As for Besler, it appears likely the former Notre Dame captain could open the season with the first team (and potentially make some 18s) while Will Johnson finishes his recovery from a broken leg. Although it would be surprising if Besler beat out Ben Zemanski for third on the defensive central midfield depth chart once Johnson returns (which would otherwise likely spell a trip to T2 for Besler) it isn’t out of the question that the rookie could pose a challenge.
Similarly, Thoma comes in as a highly rated prospect at a position where the Timbers’ depth is less certain. Although the Timbers think they may have found a diamond in the rough with Jeanderson, it is clear he is less assured signing than a player with a beefier resume. Accordingly, if Thoma impresses in preseason, he may find himself in position to be a genuine first-team option in 2015.
4. The Timbers’ Approach
As 2014 wore on Caleb Porter learned the 2014 team was more successful when it sat a little bit deeper, unlike the 2013 team that was defined by its high pressure. Indeed, there were times in 2014 when the Timbers were punished for an overly aggressive approach, with the team seeing success later in the season with a bit more pragmatism.
It will be interesting, then, to see which approach Porter uses to start in 2015. In both 2013 and 2014, Porter set the team up to press hard early in the season (when opposing attacks aren’t quite as organized), while dialing it back late. This worked quite well in 2013 even if the Timbers struggled with the pressure a little bit the next year. Will Porter, then, revert to the high pressure he has empoloyed early in each of the last two season, or will the coach stick with the somewhat dialed-back approach that the team succeeded with late in the year?
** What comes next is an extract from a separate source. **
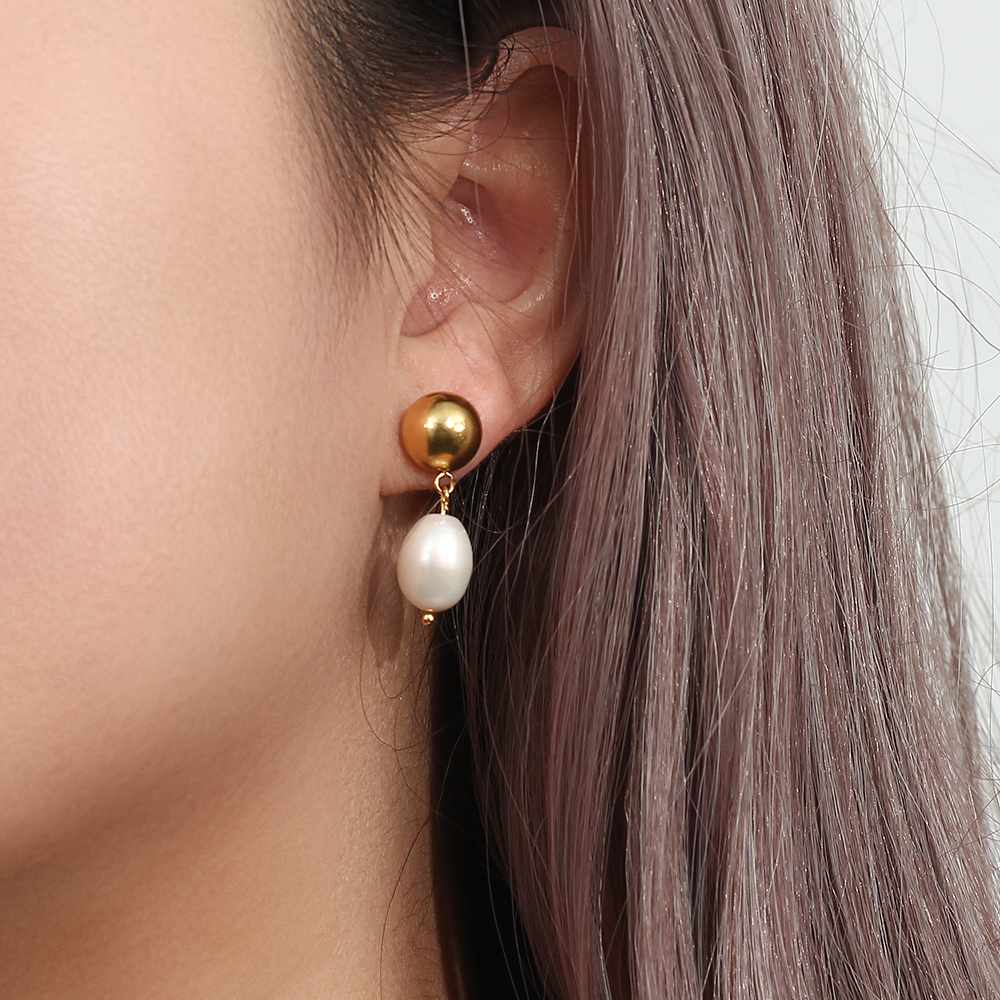 Minimalist Fresh Water Pearl Drop Earring - 18k Gold Plated Krystal Touch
5. Rules for Movement between the Timbers and T2
Perhaps the biggest uncertainty remaining in how the Timbers will shape their roster are the rules regarding how freely players will be able to move between the first and second teams. Although there has been some speculation about how this will work, in classic MLS fashion we know very little about the mechanics of the interactions between MLS clubs and their USL-Pro affiliates. Indeed, it is possible many of the rules have not yet been finalized because they are part of the ongoing CBA negotiations.
But the freedom with which players will be able to move between the teams will have a significant impact on if, and at what positions, the Timbers look to add more depth to their first-team roster. If, on one hand, there is relative freedom of movement between the teams (at least for some subset of players), the functional distinction between a player with a Timbers contract or a T2 contract becomes largely academic. In this instance the Timbers could rely on T2 players for first-team depth while keeping the Timbers roster restricted to those players in contention to make the 18 on a weekly basis. If movement is restricted, on the other hand, the Timbers will have to be more deliberate in whom they sign to a first-team or T2 contract, and likely augment the first-team roster with additional veteran depth.